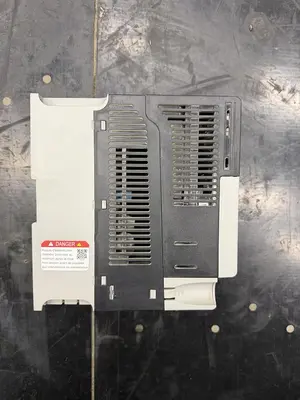 USED ALLEN-BRADLEY 25B-E6P6N104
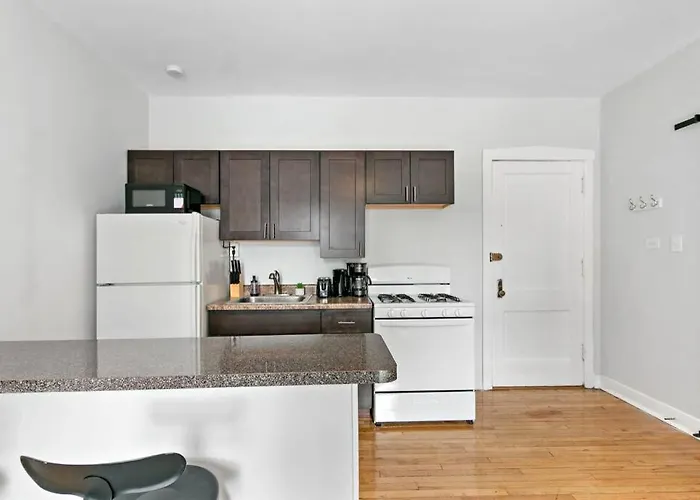 Well-equipped In - Belmont B7 Chicago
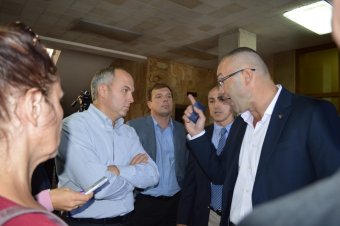 Вместе с Нестором Шуфричем от активистов "Правого сектора" пострадал Николай Скорик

• • • •

Exercise description:
From the line with "Well-equipped In - Belmont B7 Chicago" through the end of the listing, write out every line exactly, leaving out the pictures.

Solution for this task:
 Well-equipped In - Belmont B7 Chicago
 Вместе с Нестором Шуфричем от активистов "Правого сектора" пострадал Николай Скорик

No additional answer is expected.